Steinbeck’s depiction of the struggle of Agricultural workers during the Depression, his role as a social commentator, and its impact upon his work:

John Steinbeck is arguably the most prominent littérateur of his generation to have adopted the cause of working class America that was struggling to survive the harsh realities of the Great Depression.  His most famous work The Grapes of Wrath depicts the everyday travails of a westward migrating white American family in search of better economic opportunities.  Of Mice and Men is a much smaller novel, both in terms of the number of characters as well as the social situations they find themselves in.  Both these books capture the desperation and resilience of poor Americans of the early decades of the twentieth century.  The novels also serve the purpose of a social documentary and present a picture of the prevailing systemic injustices in the United States.

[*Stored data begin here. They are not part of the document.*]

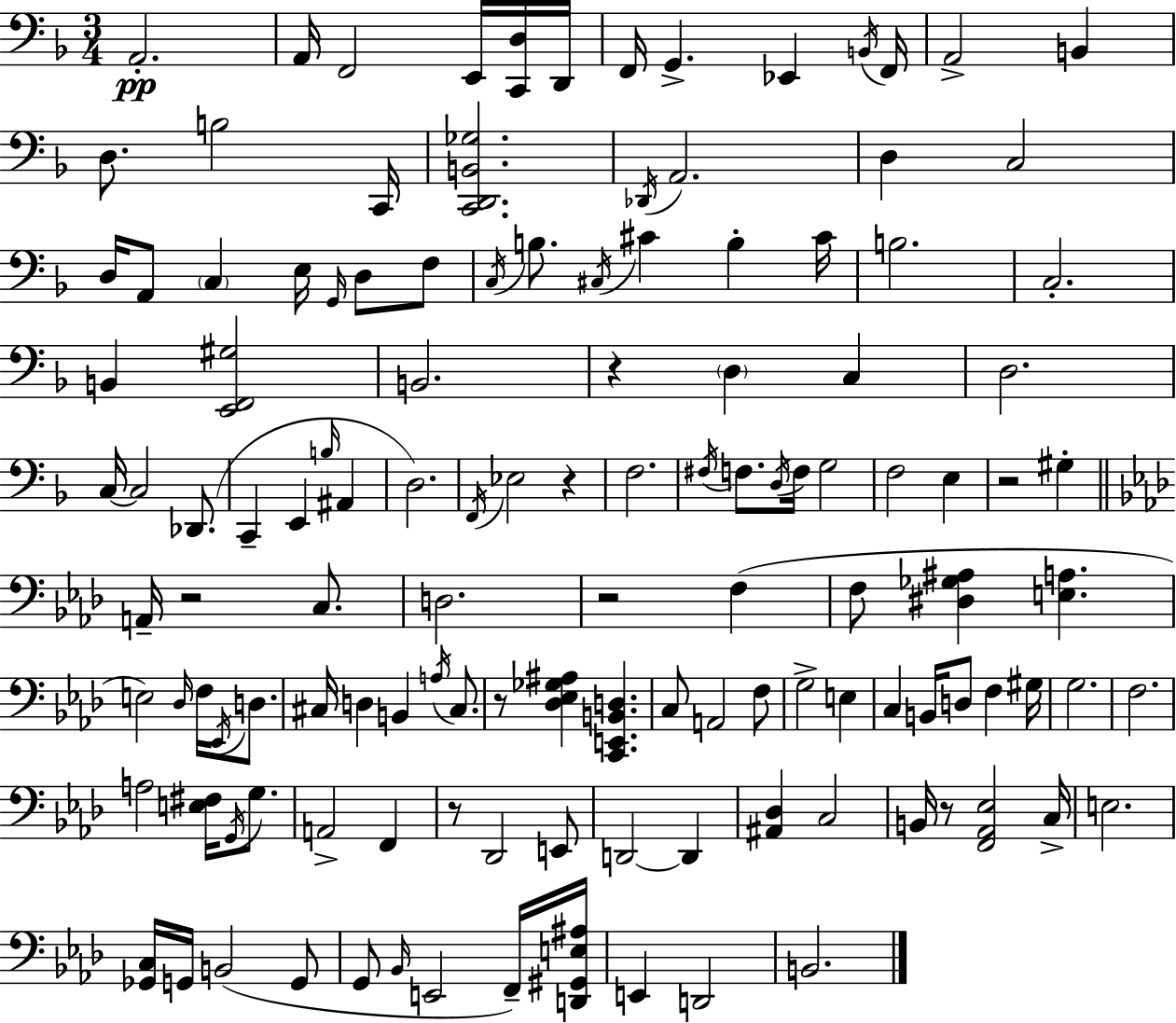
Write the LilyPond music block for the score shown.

{
  \clef bass
  \numericTimeSignature
  \time 3/4
  \key d \minor
  a,2.-.\pp | a,16 f,2 e,16 <c, d>16 d,16 | f,16 g,4.-> ees,4 \acciaccatura { b,16 } | f,16 a,2-> b,4 | \break d8. b2 | c,16 <c, d, b, ges>2. | \acciaccatura { des,16 } a,2. | d4 c2 | \break d16 a,8 \parenthesize c4 e16 \grace { g,16 } d8 | f8 \acciaccatura { c16 } b8. \acciaccatura { cis16 } cis'4 | b4-. cis'16 b2. | c2.-. | \break b,4 <e, f, gis>2 | b,2. | r4 \parenthesize d4 | c4 d2. | \break c16~~ c2 | des,8.( c,4-- e,4 | \grace { b16 } ais,4 d2.) | \acciaccatura { f,16 } ees2 | \break r4 f2. | \acciaccatura { fis16 } f8. \acciaccatura { d16 } | f16 g2 f2 | e4 r2 | \break gis4-. \bar "||" \break \key f \minor a,16-- r2 c8. | d2. | r2 f4( | f8 <dis ges ais>4 <e a>4. | \break e2) \grace { des16 } f16 \acciaccatura { ees,16 } d8. | cis16 d4 b,4 \acciaccatura { a16 } | cis8. r8 <des ees ges ais>4 <c, e, b, d>4. | c8 a,2 | \break f8 g2-> e4 | c4 b,16 d8 f4 | gis16 g2. | f2. | \break a2 <e fis>16 | \acciaccatura { g,16 } g8. a,2-> | f,4 r8 des,2 | e,8 d,2~~ | \break d,4 <ais, des>4 c2 | b,16 r8 <f, aes, ees>2 | c16-> e2. | <ges, c>16 g,16 b,2( | \break g,8 g,8 \grace { bes,16 } e,2 | f,16--) <d, gis, e ais>16 e,4 d,2 | b,2. | \bar "|."
}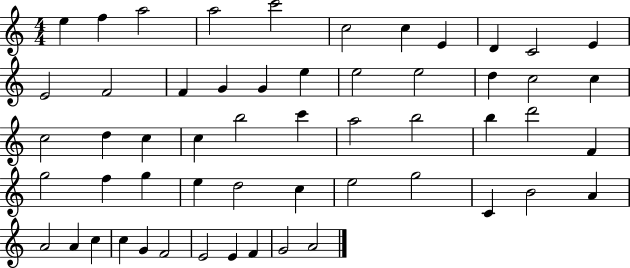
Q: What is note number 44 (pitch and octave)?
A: A4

It is fashionable with the new breed of novelists to separate politics from art.  But in the case of John Steinbeck, this distinction is not evident.  The author, in the process of creating a work of art had also taken upon himself to ask questions of social injustices in general and economic disparities in particular.  Hence, Steinbeck’s body of work are in essence are full of his own perspective on the state of rural American society; the medium of the novel have given Steinbeck the requisite scope and opportunity to fulfill his role as a social commentator.  The rest of the essay will cite instances from the two novels as well as foray into the biographical aspects of the author himself to support this assertion.

To understand this social activist trait in Steinbeck’s character one has to look at the experiences and circumstances that shaped his vision of America.  Firstly, his years as an adolescent in Salinas, where he got a first hand experience of his parents’ struggle for survival is a formative influence.  It is the next phase of his life however, that will prove more important – his long-time relationship with the radical social worker Carol Henning.  The influence of Carol Henning cannot be underestimated, for her socialist views on life had clearly rubbed off on Steinbeck, which is evident from the earliest journalistic assignments that Steinbeck undertook.  His years as a novice journalist also had a key role in the shaping of his character, for these early writing assignments were the foundations for his later literary pursuits.  In both the works in discussion – The Grapes of Wrath and Of Mice and Men, the influences of these formative stages of his early life are quite obvious.

While Steinbeck never really espoused a particular political ideology, the socialist principles of economic justice that are at the heart of The Grapes of Wrath can trace their origins to his association with Carol Henning.  The central socialist principle of workers owning the means of production is brought forth in the following powerful passage from the novel,

“Is the power (tractors) that turns the long furrows wrong? If this tractor were ours, it would be good – not mine, but ours. We could love that tractor then as we have loved this land when it was ours. But this tractor does two things – it turns the land and turns us off the land. There is little difference between this tractor and a tank. The people were driven, intimidated, hurt by both. We must think about this…Okie use’ ta mean you was from Oklahoma. Now it means you’re a dirty son-of-a-bitch. Okie means you’re scum. Don’t mean nothing itself, it’s the way they say it.”

The rise of John Steinbeck as a novelist and social commentator coincided with the economic turmoil of the years of Great Depression.  Although Steinbeck, in his interviews and essays, stated that he does not espouse any particular economic system, yet his novels have a socialist, if not Marxist orientation.  As a variation, Steinbeck claimed to have only exposed the darker realities of the then working class America.  Without impinging his social critique on a particular ideology, he rather considered his novels as open-ended projects, with the reader supplementing necessary rectification of economic injustices as he/she sees fit. To illustrate this point, we only need to scrutinize his novels a little closely.  While his earlier works, including The Grapes of Wrath and Of Mice and Men had a strong element of social realism, his later works were less focused on the rural working class.  This implies that the two novels in discussion were compelled by the temporal social conditions than any perennial economic and political ideologies.  This is not to say that the two books are devoid of political content.  To the contrary, both the books act as suitable political platforms for the author to raise important questions of human pathos without being ideologically self-indulgent.  His earlier works stand independent of the fact than Steinbeck attended a few Communist Party meetings during the time of writing these masterpieces.